■ Task requirements
Reproduce the listing in full. Omit the pictures.

■ Recorded data

BEGIN

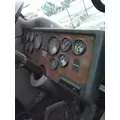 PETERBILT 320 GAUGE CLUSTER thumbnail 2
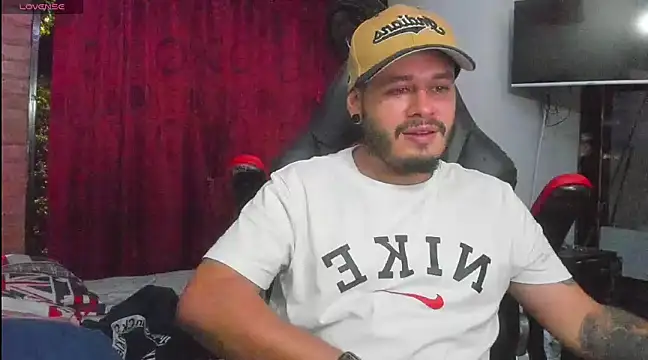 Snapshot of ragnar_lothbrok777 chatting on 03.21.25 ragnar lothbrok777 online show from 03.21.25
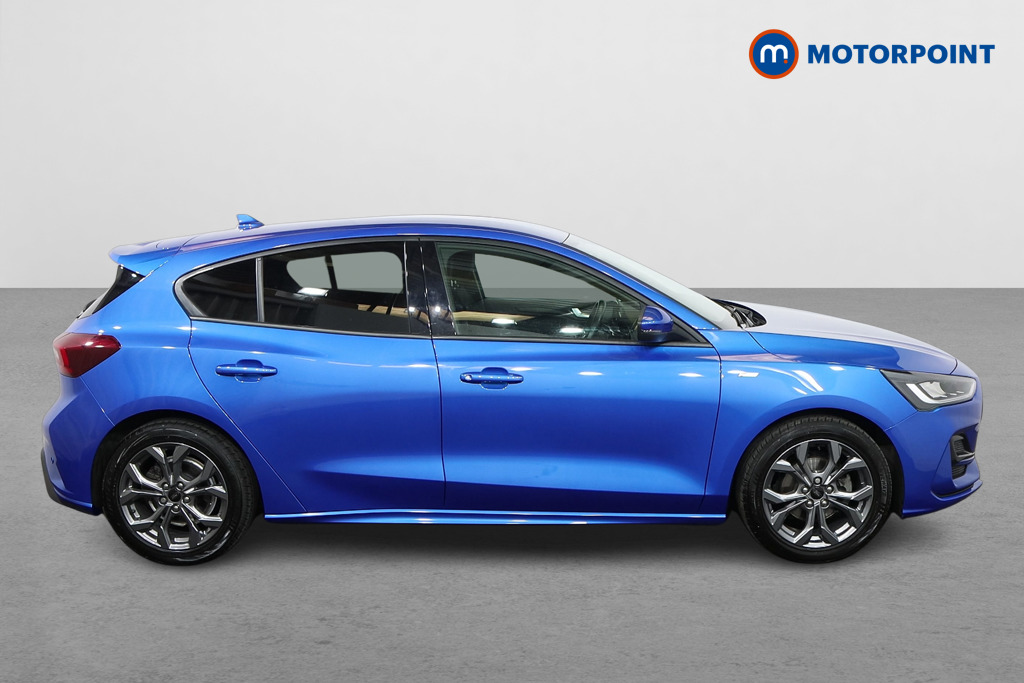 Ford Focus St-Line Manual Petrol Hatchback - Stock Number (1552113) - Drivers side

END

■ Result for this task
 PETERBILT 320 GAUGE CLUSTER thumbnail 2
 Snapshot of ragnar_lothbrok777 chatting on 03.21.25 ragnar lothbrok777 online show from 03.21.25
 Ford Focus St-Line Manual Petrol Hatchback - Stock Number (1552113) - Drivers side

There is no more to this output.